Although the animals in the ocean’s oxygen minimum zone have adapted over millions of years to the very low oxygen of this extreme and widespread midwater habitat, they are living at the very limits of their physiological capability. Our research shows that they are sensitive to very small changes in oxygen, and decrease in abundance when oxygen gets just a little bit lower.

Karen Wishner, Professor of oceanography, URI’s Graduate School of Oceanography.

The research team, who published their findings in Science Advances this week, found more natural variability in oxygen levels in the OMZ than thought before. This directly affects the distribution of several types of zooplankton since, as the team learned, the organisms react to a less than 1% reduction in oxygen levels.

Although zooplankton have had millions of years to get accustomed to conditions in the OMZ, these low oxygen zones may expand quickly as a result of climate change, causing major unforeseen changes to midwater ecosystems. For instance, an expansion of the OMZ into shallower waters may increase the vulnerability of zooplankton to predators such as fish. If this results in a fall in the zooplankton population, it will have impacts all the way up the food chain.

Further loss of oxygen in ocean waters is predicted in the future as a result of global warming, and these animals may be unable to adapt and persist. They are important components of the food web of oceanic ecosystems, and their loss could potentially impact top predators, including whales and commercially important fisheries.

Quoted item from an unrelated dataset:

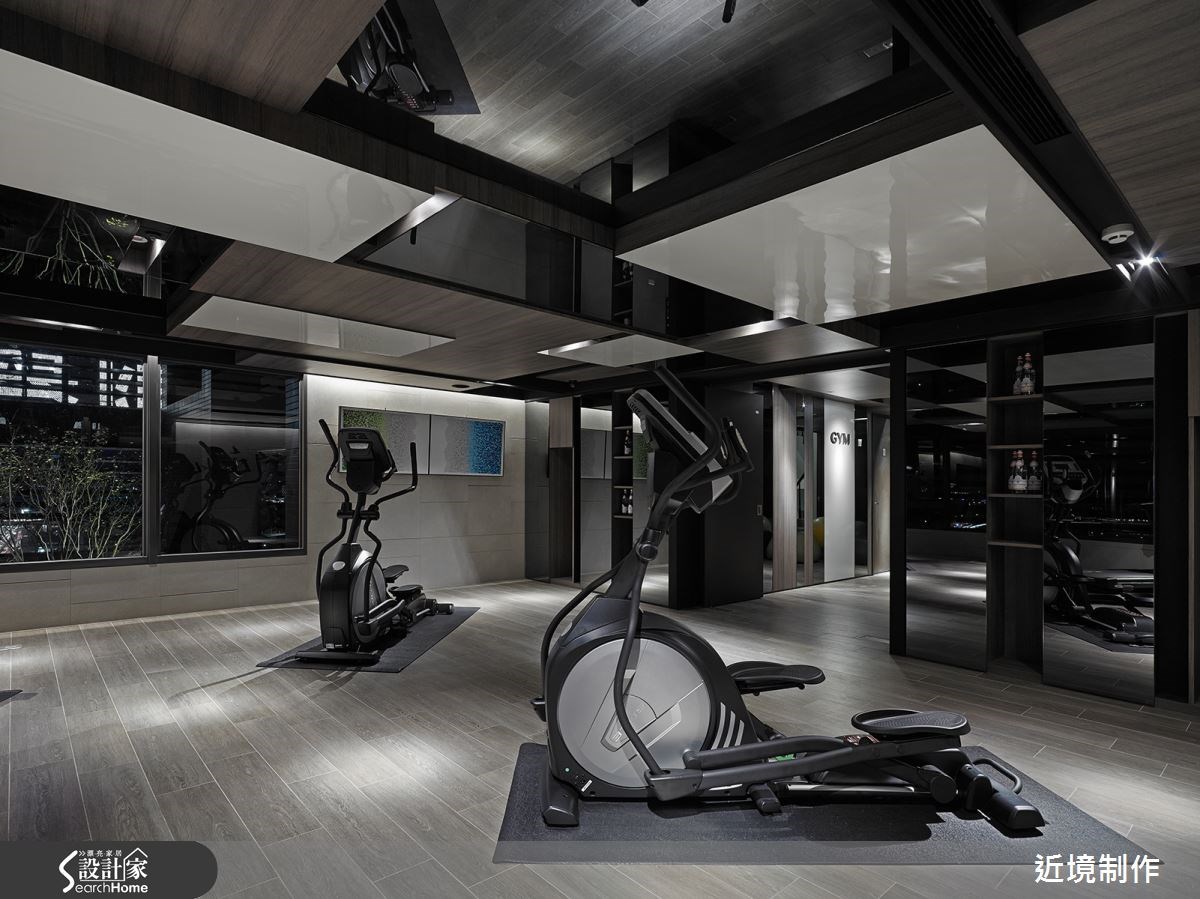 在新北市的社區大樓公共空間內,設計師以現代奢華風為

Karen Wishner, Professor of oceanography, URI’s Graduate School of Oceanography.

Wishner and her teammates, which includes GSO professor Chris Roman and GSO marine research specialist Dawn Outram, gathered their data off the Pacific coast of Mexico in January and February 2017. The Chief Scientist of the cruise was Brad Seibel who was a former professor in the College of the Environment and Life Sciences when the project started and presently with the University of South Florida College of Marine Science. Overnight, Roman’s “wire flyer,” an ocean instrument intended to capture oxygen and other measurements because it quickly oscillates up and down in the water column, was towed from the research vessel Sikuliaq for 50 km. In  the day, the vessel traced the same path and obtained samples of many different types of zooplankton using a high-tech sampling net known as a MOCNESS.

The study was funded mainly by the National Science Foundation’s Division of Ocean Sciences. One URI undergraduate (Danielle Moore) and a Summer Undergraduate Research Fellowship in Oceanography (SURFO, URI’s NSF-funded Research Experience for Undergraduates program) student (Shannon Riley from Oregon State University) took part in the study.